Одиночество контактного человека. Дневники 1953–1998 годов | страница 172



Значит, в отличие от «гадюшника», где все переплелось в один клубок, тут допускалась самостоятельность. Главное, не затрагивать политику и лично первых лиц. Что касается обмена мнениями и шумных споров, то почему нет?

К тому же очень важно, где это происходит. Если в ресторане Дома писателей, то неосторожность можно списать на выпитое. То же – с домами творчества. Как почти голому человеку на пляже уследить за собой? Тут если начнешь рассказывать, сразу забредешь не туда.

Об этом говорят записи. Вот А. Чаковский[677] на природе. Представляю его в «Литературной газете» – строгого и не всегда справедливого, а это он после купания – веселый и доброжелательный. Конечно, тут важно, что недавно его лишили постов и он немного растерян (запись от 30.7.89).

Можно назвать и другие фамилии – как упомянутые, так и неупомянутые. Благодаря присутствию этих людей возникает ощущение шума. Не привычного шума во дворе или за стеной, а мандельштамовского «шума времени».

Для шума нет иерархии. Рядом оказываются важные исторические обстоятельства и скромные литературные радости. Впрочем, как по-другому? Нет ничего страннее прямой линии. Только несоответствия бывают правдивы.

Впрочем, это не только о судьбе литератора. Не зря Чехов писал: «Люди обедают, только обедают, а в это время слагается их счастье, и разбиваются их жизни»[678]. Это значит, что ты не заметишь, как все случится. Встанешь со стула, поблагодаришь за компанию – и не узнаешь мира вокруг.

Интересно: всякий ли раз он чувствовал, что тут заложено нечто большее?

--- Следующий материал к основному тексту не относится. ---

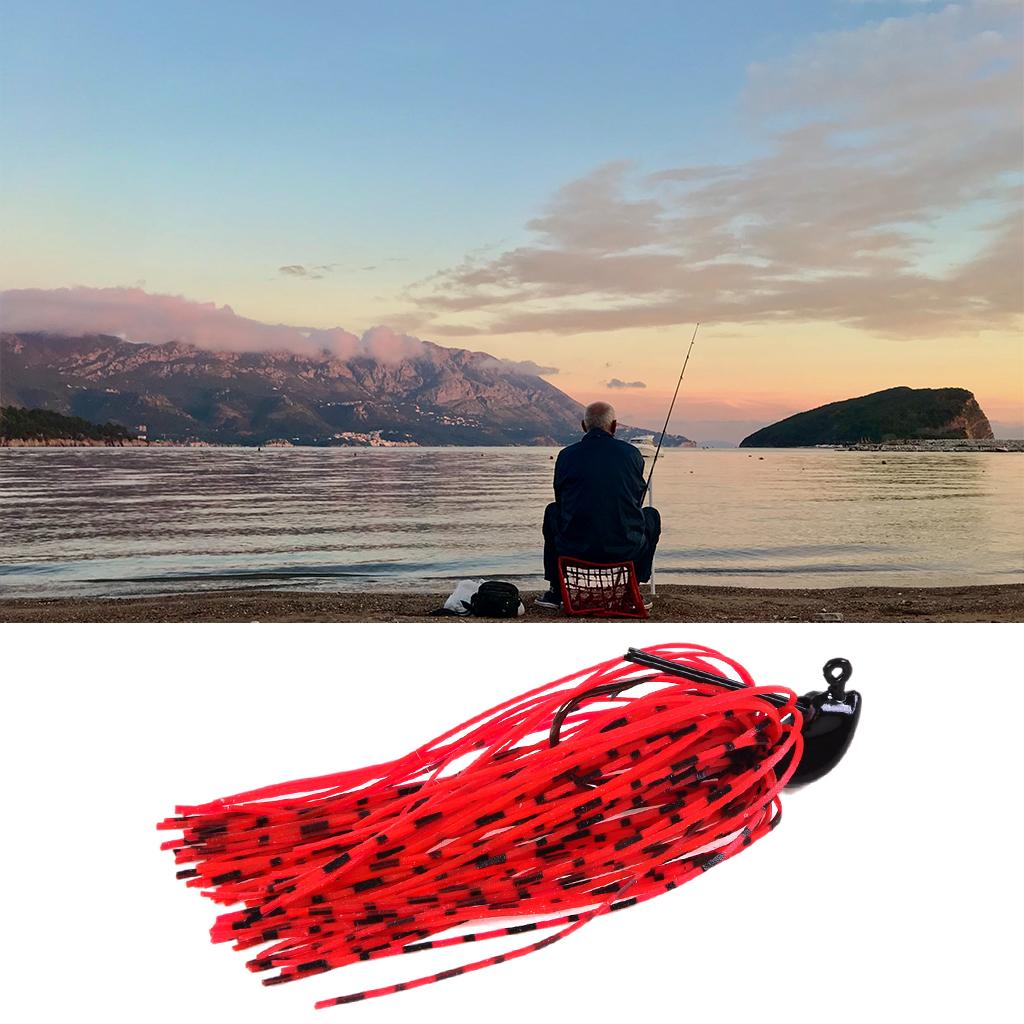 Bass Fishing Jigs Football Jig Metal Lead Fishing Lures Kit 7g Red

Или записал, потом не вспоминал какое-то время, а когда открыл дневник на этой странице, то буквально замер.

Скорее, второй вариант. Просто фиксируешь, не задумываясь о том, что за этим возникает. Нужно еще сколько-то разговоров, чтобы все окончательно срифмовалось.

Начнем, впрочем, со случайной встречи. Обменялись несколькими фразами и двинулись по своим делам. Правда, осадок остался. Вряд ли такое забудется и через много лет.

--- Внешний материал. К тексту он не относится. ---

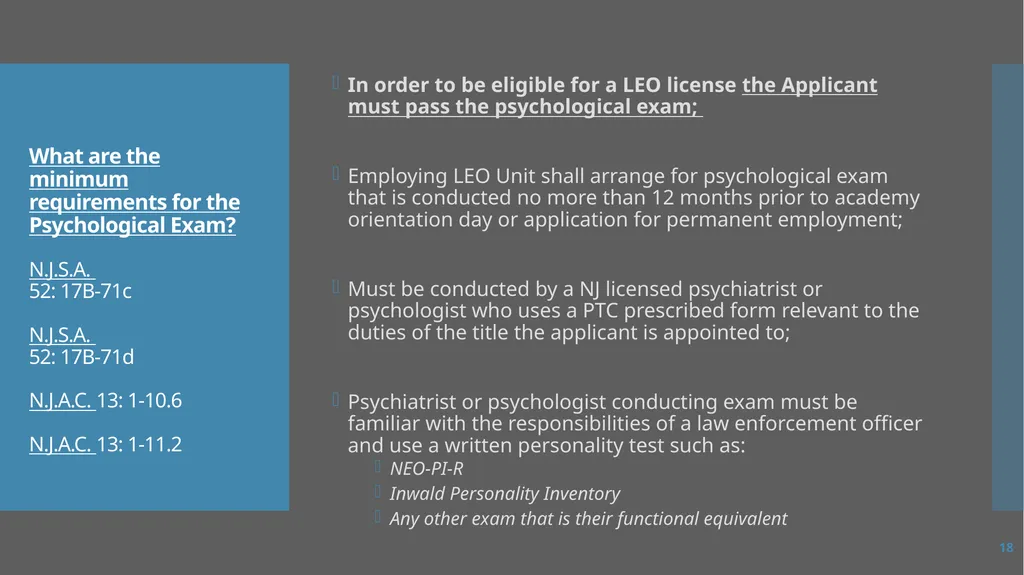Law Enforcement Licensing AN OVERVIEW 1 SECTION I: - slide 18 of 76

Отец и его приятель-поэт встречают критика, который когда-то написал о поэте зло. Даже не зло, а гнусно. Все немного смущены и не знают, о чем говорить (запись от 2.10.85).

Чтобы разрядить обстановку, критик спрашивает: «А ты, надеюсь, продолжаешь писать стихи?» Вы посмотрите – он надеется. Ну а вдруг его ожидания не сбылись? А если поэт понял, что без стихов лучше? Ведь тогда у него не будет врагов.

Скорее всего, критик хотел сказать, что ничего особенного не случилось. Да, был повод понервничать, но ведь ничего больше. В результате каждый остался при своем.